I feel it’s about time I told of the mammoth trek we made nearly 2 months ago now with a team from the Nimba base down to Greenville in Sinoe, for a weekend retreat with the Tearfund Sinoe team. It was during this visit that our logistician Anthony died, so I haven’t felt much like writing about the whole trip before, but the journey there and back was itself such an experience that I want to tell the story. Paris-Dakar? Forget it. The Tappita to Greenville trip (equivalent to the distance between, say, Bristol and London) was far more of a challenge than any paltry 7,000 mile trek across the burning Sahara.
We set off in high spirits early early, the sun just rising on a misty Tappita morning, in a convoy of two Tearfund land cruisers and a pick up. The drivers took their roles seriously, all three with a selection of fingerless driving gloves, sunglasses and desert boots, and Prince – the driver of the pickup I was in, squashed into the front seat between him and Anthony and a variety of winches and potent fuel-filled jerry cans – in an eye-catching blue and orange Gulf jumpsuit.
The road was rutted, bumpy but dry until after a few hours we passed Zwedru, in the north east of the country near the border with the Ivory Coast. Then as we turned south towards Sinoe and the coast, it began to pass through forest; overhung by jungly trees it became a mud bath, and the vehicles began to meet their match. Dancing, sliding, rocking, the back end of the vehicle plane-ing across the slippery mud like a dog’s hind legs on ice. All muscles tensed to stay in your seat, thrown around from side to side despite being jammed up tight against someone. At times we were tipping well over 45 degrees to either side, the chassis slamming into the mud banks at the side of the road – it’s a miracle we didn’t roll any of the vehicles.
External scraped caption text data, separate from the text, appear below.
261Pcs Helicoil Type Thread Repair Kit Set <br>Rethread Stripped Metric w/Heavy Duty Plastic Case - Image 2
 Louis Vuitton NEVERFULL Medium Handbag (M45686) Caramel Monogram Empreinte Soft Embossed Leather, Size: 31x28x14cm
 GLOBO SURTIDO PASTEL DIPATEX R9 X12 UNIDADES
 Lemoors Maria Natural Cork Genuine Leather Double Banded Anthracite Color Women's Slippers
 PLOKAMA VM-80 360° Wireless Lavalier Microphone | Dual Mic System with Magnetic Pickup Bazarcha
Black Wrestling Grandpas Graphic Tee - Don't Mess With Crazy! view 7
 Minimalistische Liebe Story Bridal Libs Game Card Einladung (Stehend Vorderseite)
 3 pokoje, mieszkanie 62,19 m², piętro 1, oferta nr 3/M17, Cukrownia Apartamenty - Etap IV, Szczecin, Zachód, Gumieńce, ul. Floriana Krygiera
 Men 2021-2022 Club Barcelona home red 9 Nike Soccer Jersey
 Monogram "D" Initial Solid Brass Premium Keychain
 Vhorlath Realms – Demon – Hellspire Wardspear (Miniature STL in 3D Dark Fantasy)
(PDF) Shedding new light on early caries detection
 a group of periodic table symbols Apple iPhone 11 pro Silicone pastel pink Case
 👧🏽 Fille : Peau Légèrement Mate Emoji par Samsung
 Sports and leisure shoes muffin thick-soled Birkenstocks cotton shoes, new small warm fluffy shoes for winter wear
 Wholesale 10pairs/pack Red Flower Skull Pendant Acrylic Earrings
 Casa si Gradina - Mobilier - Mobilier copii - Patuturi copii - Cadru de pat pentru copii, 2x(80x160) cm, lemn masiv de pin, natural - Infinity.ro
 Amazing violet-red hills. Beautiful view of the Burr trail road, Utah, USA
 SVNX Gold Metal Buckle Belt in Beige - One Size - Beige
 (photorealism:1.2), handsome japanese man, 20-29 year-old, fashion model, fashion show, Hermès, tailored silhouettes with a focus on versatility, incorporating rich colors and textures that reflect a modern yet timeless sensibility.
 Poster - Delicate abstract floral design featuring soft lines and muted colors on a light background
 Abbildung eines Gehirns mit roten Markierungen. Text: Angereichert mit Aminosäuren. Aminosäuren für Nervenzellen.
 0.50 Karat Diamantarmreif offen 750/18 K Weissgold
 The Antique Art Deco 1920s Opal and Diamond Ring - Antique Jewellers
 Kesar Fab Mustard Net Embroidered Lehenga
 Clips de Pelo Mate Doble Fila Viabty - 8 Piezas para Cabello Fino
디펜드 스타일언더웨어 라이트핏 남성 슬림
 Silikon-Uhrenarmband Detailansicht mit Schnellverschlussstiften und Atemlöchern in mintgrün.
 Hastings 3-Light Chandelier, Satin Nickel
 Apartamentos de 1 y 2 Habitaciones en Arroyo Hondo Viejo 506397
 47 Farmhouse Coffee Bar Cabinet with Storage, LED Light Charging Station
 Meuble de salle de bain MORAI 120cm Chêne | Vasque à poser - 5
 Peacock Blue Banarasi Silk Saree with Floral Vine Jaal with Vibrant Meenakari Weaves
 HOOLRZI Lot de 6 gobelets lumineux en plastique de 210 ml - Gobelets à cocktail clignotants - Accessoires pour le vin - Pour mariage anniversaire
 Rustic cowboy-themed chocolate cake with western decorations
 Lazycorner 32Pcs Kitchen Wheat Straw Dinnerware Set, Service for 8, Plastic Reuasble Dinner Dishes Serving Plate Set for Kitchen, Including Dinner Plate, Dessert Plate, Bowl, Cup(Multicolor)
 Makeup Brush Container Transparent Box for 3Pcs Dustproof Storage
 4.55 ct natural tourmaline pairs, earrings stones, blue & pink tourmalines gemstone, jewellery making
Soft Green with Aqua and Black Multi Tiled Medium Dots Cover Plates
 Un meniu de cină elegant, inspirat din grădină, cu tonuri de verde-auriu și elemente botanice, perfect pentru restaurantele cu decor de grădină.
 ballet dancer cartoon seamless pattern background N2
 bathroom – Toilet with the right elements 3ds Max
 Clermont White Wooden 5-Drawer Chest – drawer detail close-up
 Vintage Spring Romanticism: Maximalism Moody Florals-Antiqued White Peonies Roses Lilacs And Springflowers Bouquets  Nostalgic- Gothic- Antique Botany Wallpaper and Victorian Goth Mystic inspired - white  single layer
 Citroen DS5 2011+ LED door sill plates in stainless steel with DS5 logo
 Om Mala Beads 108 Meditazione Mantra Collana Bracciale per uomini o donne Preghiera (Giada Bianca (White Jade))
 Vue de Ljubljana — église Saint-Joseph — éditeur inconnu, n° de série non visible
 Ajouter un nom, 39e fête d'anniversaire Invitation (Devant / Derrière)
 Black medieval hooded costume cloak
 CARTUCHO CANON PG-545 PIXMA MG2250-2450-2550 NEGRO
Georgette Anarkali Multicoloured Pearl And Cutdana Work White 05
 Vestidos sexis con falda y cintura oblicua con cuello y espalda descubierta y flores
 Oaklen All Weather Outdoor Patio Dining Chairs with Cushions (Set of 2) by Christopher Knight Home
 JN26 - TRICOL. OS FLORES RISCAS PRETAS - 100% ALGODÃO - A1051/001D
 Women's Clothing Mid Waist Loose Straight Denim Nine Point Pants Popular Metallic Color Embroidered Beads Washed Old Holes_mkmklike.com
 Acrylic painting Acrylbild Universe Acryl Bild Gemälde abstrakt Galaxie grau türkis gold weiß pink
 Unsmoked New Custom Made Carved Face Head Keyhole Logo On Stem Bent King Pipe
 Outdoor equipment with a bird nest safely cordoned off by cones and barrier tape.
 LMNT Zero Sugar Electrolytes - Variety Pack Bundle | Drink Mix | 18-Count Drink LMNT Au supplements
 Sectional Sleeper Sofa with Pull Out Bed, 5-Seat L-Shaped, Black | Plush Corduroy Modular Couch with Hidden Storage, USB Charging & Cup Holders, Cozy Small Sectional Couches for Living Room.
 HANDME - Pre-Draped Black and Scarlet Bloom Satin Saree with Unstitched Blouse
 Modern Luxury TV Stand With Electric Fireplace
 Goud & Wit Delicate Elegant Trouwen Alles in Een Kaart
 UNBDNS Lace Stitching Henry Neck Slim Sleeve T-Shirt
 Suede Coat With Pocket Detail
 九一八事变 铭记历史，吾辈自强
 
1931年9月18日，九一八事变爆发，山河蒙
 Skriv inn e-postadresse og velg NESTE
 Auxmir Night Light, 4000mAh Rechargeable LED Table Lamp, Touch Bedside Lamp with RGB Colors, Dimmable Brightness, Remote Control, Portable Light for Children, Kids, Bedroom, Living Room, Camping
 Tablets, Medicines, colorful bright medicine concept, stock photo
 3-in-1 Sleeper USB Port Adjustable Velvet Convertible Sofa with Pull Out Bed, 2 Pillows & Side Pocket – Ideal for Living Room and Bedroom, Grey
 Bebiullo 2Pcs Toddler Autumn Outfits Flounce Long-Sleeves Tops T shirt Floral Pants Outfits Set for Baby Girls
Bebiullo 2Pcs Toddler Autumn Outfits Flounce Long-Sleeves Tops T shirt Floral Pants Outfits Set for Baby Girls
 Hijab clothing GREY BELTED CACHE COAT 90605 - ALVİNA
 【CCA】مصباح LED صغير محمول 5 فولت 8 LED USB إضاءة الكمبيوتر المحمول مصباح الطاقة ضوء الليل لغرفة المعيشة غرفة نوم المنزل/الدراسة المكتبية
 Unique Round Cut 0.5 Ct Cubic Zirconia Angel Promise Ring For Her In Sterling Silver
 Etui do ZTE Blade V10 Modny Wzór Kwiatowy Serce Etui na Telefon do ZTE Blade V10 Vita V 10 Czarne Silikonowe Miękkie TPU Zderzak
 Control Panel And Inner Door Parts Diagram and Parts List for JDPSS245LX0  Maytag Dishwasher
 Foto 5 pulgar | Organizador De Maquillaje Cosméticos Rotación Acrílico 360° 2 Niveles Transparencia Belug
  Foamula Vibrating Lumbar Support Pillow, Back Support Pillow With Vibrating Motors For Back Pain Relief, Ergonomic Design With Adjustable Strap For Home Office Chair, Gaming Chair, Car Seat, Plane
The drivers certainly earned their wages: they were in, out, around the cars, fixing tow ropes, winching us out of muddy pits, climbing on the vehicle roof to get more rope or to untie the pieces of tin to put under the vehicle wheels for grip, pushing, heaving, covered in mud, Prince’s blue and orange jumpsuit progressively more orange than blue.
For a time during the rainy season, only motorbikes can pass among the tiny villages we passed, driving on the slippery ridges between the water-filled ruts, and then for a while after that even motorbike travel is impossible, and foot becomes the only way of travel between villages cut off from all motor transport. Some villages in the remote areas of Sinoe County haven’t been reached by car for over 24 years. We barely saw another vehicle, apart from 2 lorries, a hundred kilometres apart, wheel-rim deep in mud, irrevocably stuck. As the day wore on, and as our vehicles became stuck once again in gloopy orange mud, wheels spinning, orange mud splattering and black exhaust billowing, the high spirits began to slip. Every few kilometres we reached another section where the drivers would get out, assess the situation from all angles, then one would lead the way through the mud ahead whilst the others carefully observed the route he took, waiting to see the outcome before venturing through. Each time the road became worse and worse, and at one point the occupants of all three vehicles got out for a muddy roadside meeting, unsure what to do since it had begun to spit with rain, and we did not know whether it was better to turn around and try to go back, risking a night or more in the bush beside 3 irretrievably mud-buried vehicles, or to press on, with the same fate, all the while with the thoughts in the back of our minds about the return journey along the same road after a weekend of rain.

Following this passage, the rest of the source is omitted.